ÉDITO
Permettez-moi cet anglicisme tordu : le populowashing, une communication badigeonnée de langages et réflexes prétendument populaires, débarquant d’un monde abscons qu’un Premier ministre un jour résuma maladroitement avec « la France d’en bas ». Aujourd’hui, c’est un incontournable, il faut faire peuple, ça rapporte des voix, des clics et des points d’audience. C’est ainsi que des médias et groupes divers, de plus en plus nombreux, érigent la vulgarité et le simplisme en mode de pensée, conspuant les experts et les scientifiques.

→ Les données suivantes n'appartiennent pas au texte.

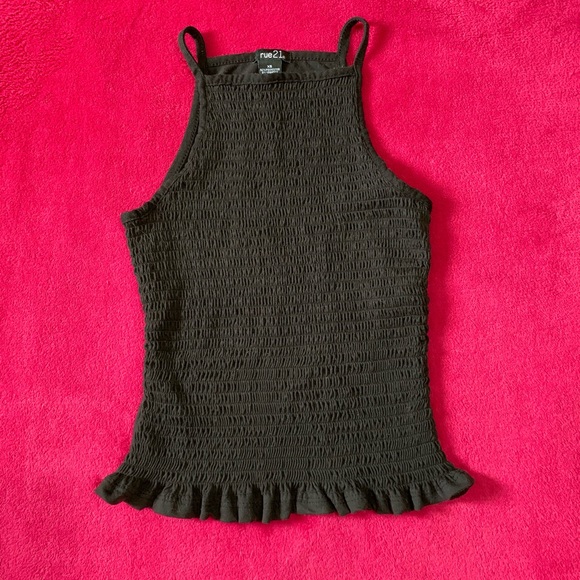 Black ruffled tank top - Picture 1 of 1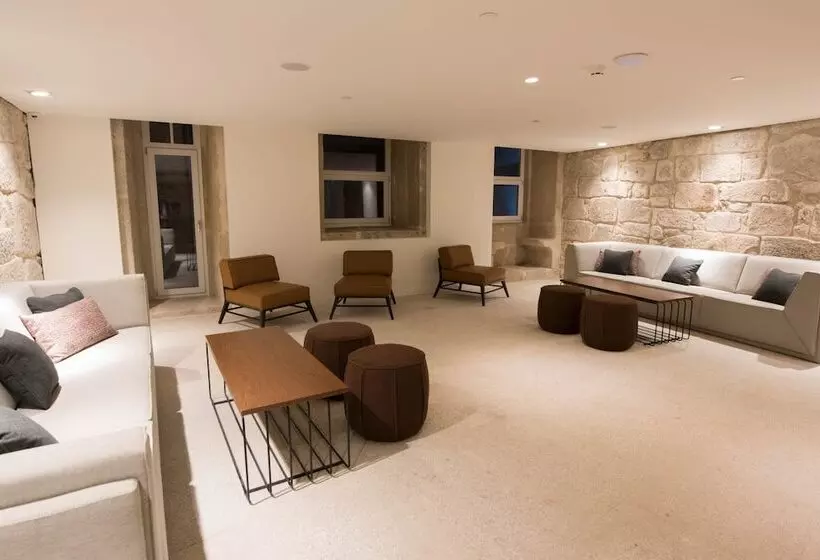 هتل Carris Porto Ribeira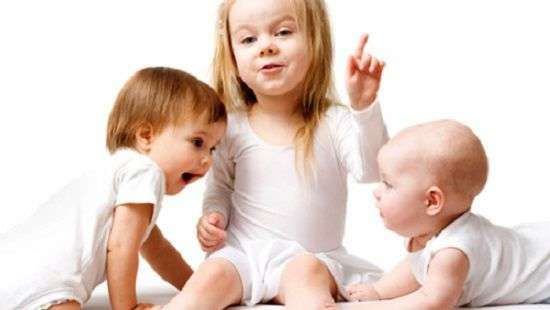 Почему первенцы умнее своих младших братьев и сестер, рассказали специалисты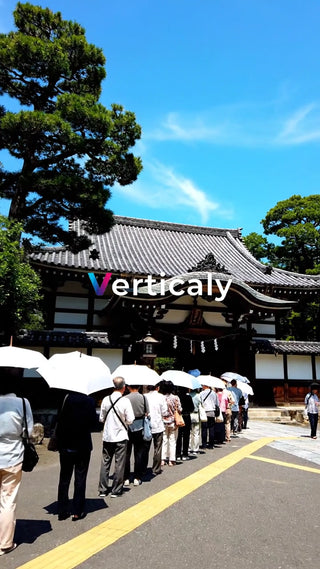 参拝客の列、日本の寺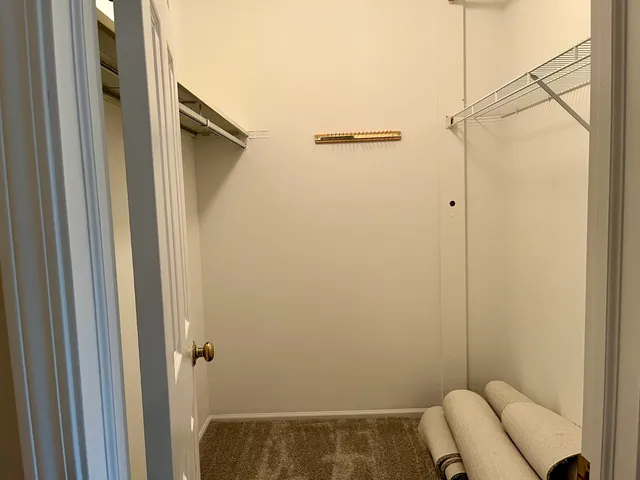 $2,400 | 240 Southwick Court, Unit 240, Vernon Hills, IL 60061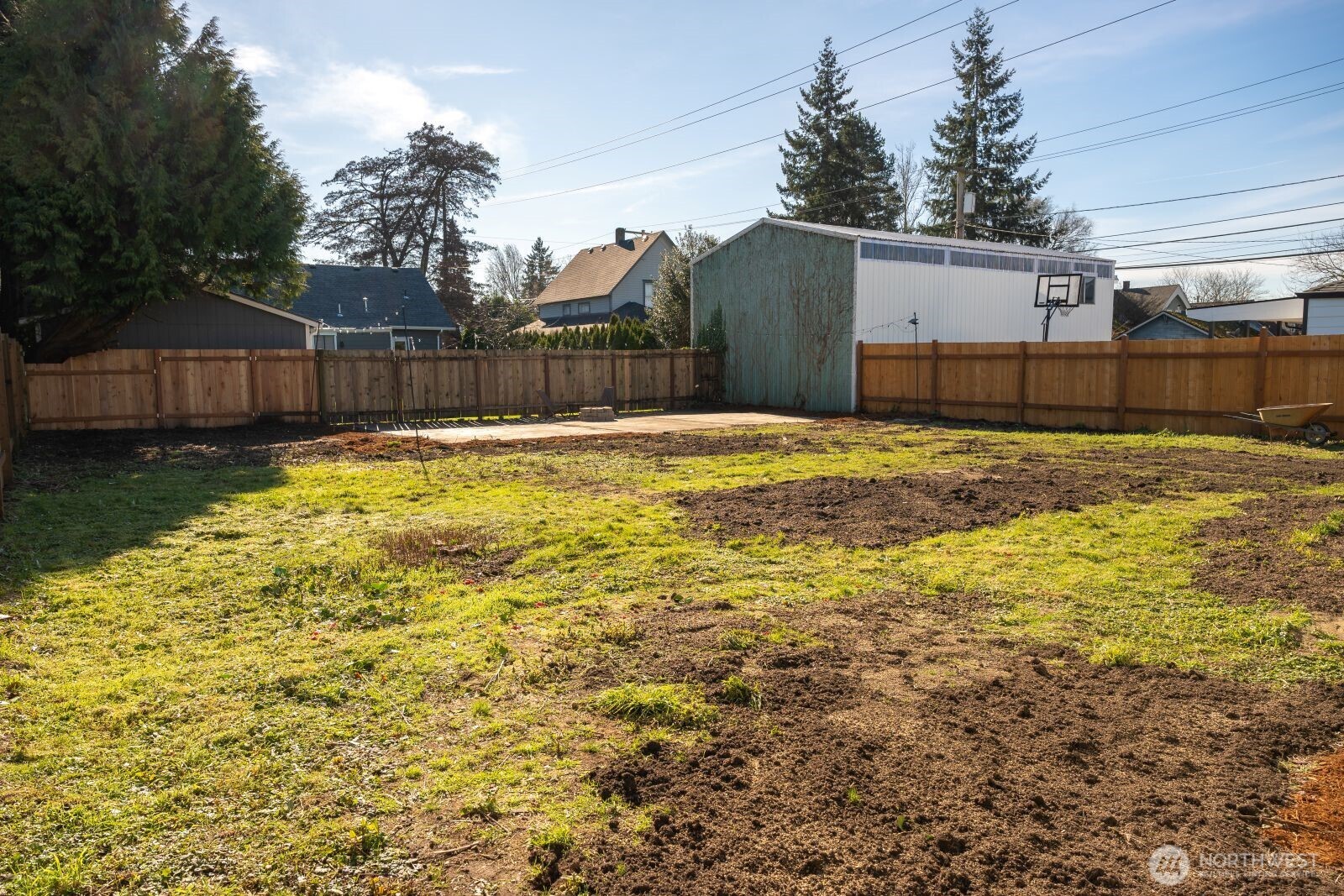 418 W Main , Puyallup, WA 98371-5324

Il devient risqué d’avoir une réflexion structurée, étayée, intellectualisée… et lente.
Pourtant, la brutalité dans le verbe n’est l’apanage d’aucun groupe social. Pas plus que le raffinement n’est le privilège d’une caste. On constate facilement que la pratique de l’injure est équitablement répartie entre « l’élite » et les autres. Vous aurez noté que j’ai convoqué des guillemets pour enlacer l’élite, après relecture de la signification du mot : « Ensemble des personnes les plus remarquables (d’un groupe, d’une communauté) ».
Quand le philosophe Michel Onfray, l’élite donc, multiplie les propos insultants à l’égard de l’écologiste Greta Thunberg (l’élite aussi), on applaudit ou on condamne, mais on aurait tort de résumer Onfray à cela. De la même manière, ne résumons pas le peuple à la violence qui inonde les réseaux sociaux. L’abus de lecture de ces diatribes est dangereux pour la santé, mais au diable les froussards, cognons et rigolons. Un même sondage de 2024 révélait ces deux données : « 77% des Français déclarent proférer des insultes à d’autres Français », mais « 82% considèrent que ces violences ne permettent pas de régler les problèmes ».
Cette fureur, parfois souterraine et occulte, est principalement visible sur les réseaux sociaux, qui nous soumettent deux casse-tête. Les algorithmes, d’une part, qui favorisent la brutalité, voire la cruauté. Bertrand Périer, avocat et spécialiste de l’art oratoire : « Plus une émoticône est violente, plus on a de chances de faire le buzz. Quand on ne trouve plus les mots, on en vient à la violence, à l’insulte et aux gestes obscènes ». D’autre part, l’anonymat des utilisateurs demeure problématique. Il ne s’agit pas de l’interdire mais de le réglementer. Or, qui réglemente ? L’État, les collectivités, les institutions judiciaires et policières, la puissance publique. C’est un autre casse-tête de notre époque : la violence de quelques milliardaires libertariens, pour qui l’existence même de l’État est un problème.